# INFORMATION SUPPLIED
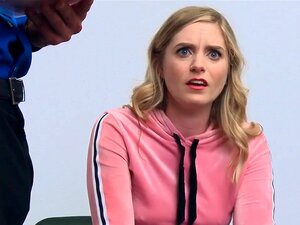 Une petite blonde tendre hurle de douleur après une baise profonde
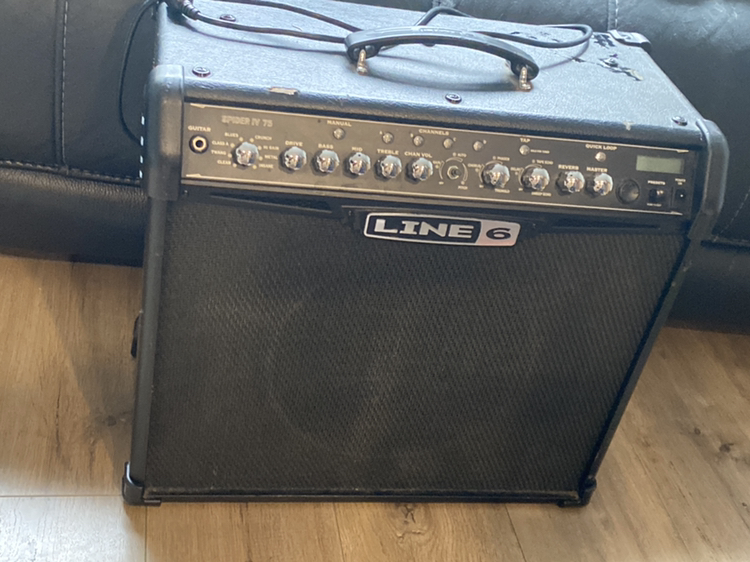 Guitar amp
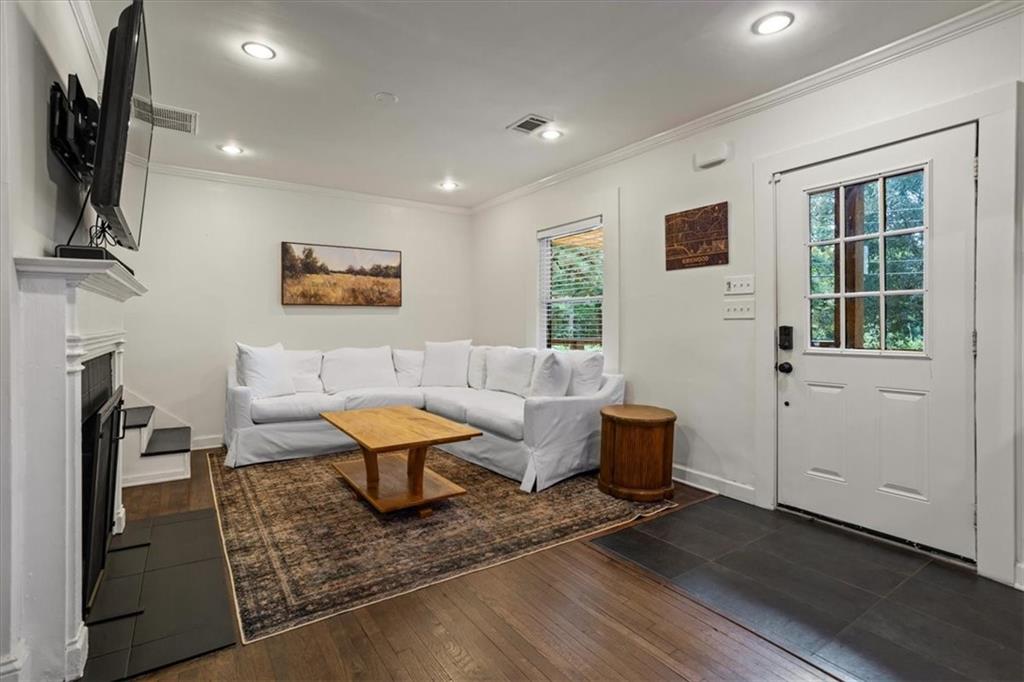 410 Wilkinson Drive SE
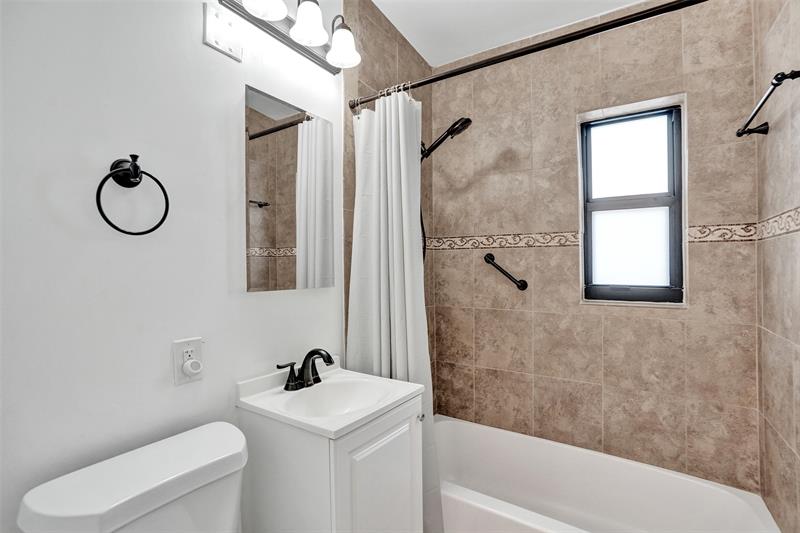 Image 24 of 47 For 1613 12th Ct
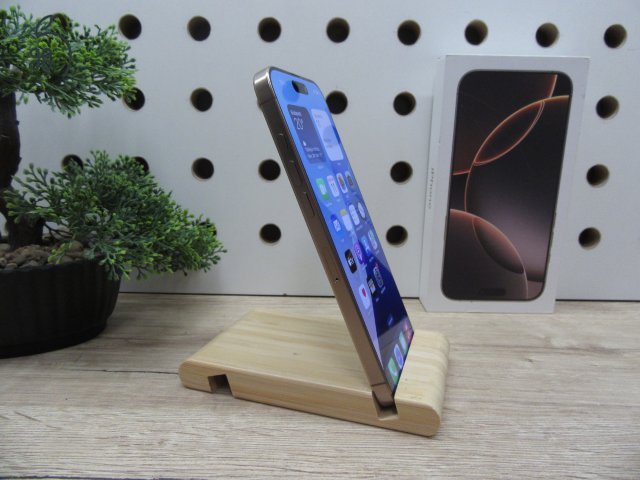 Apple iPhone 16 Pro Max – Desert Titanium – Titán dizájn, Pro kamera – 256 GB – Használt, karcmentes – 100% akku (22 ciklus) – Garancia 2026. 06. 19-ig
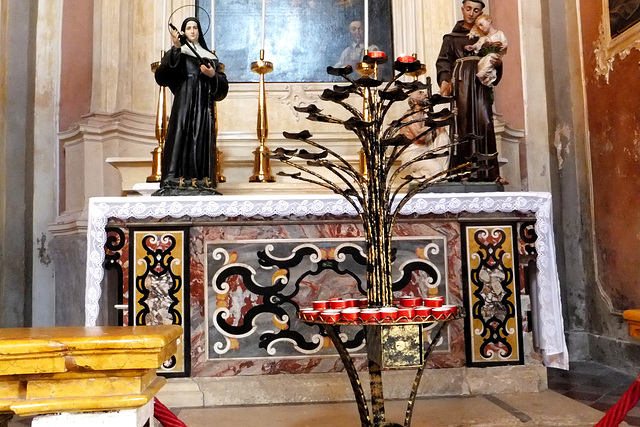 Pieve di Tremosine. Kirche San Giovanni Battista. Seitenaltar mit Marmor-Intarsien. ©UdoSm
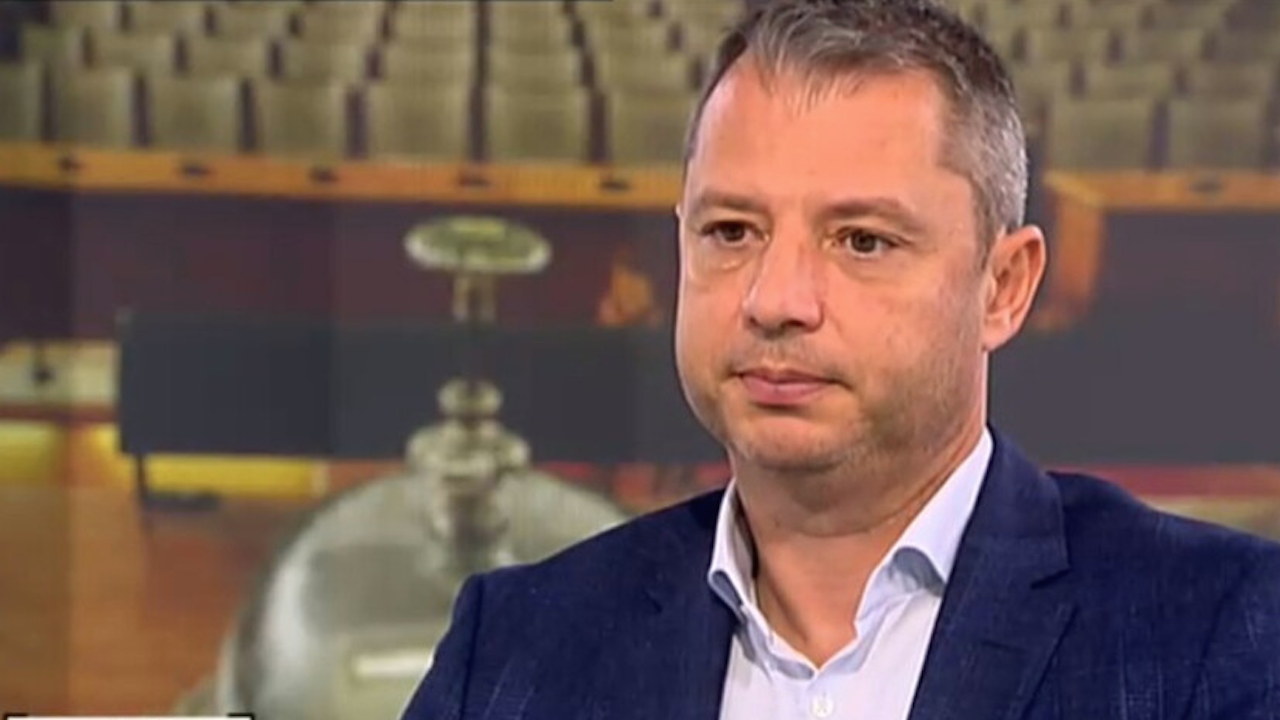 Делян Добрев: Няма коалиция с БСП, Вежди Рашидов има повече опит от цялата ПГ на ПП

# THE PROBLEM
Only the pictures are to be left out; copy all the remaining material above exactly.

# SOLUTION TO THIS EXERCISE
 Une petite blonde tendre hurle de douleur après une baise profonde
 Guitar amp
 410 Wilkinson Drive SE
 Image 24 of 47 For 1613 12th Ct
 Apple iPhone 16 Pro Max – Desert Titanium – Titán dizájn, Pro kamera – 256 GB – Használt, karcmentes – 100% akku (22 ciklus) – Garancia 2026. 06. 19-ig
 Pieve di Tremosine. Kirche San Giovanni Battista. Seitenaltar mit Marmor-Intarsien. ©UdoSm
 Делян Добрев: Няма коалиция с БСП, Вежди Рашидов има повече опит от цялата ПГ на ПП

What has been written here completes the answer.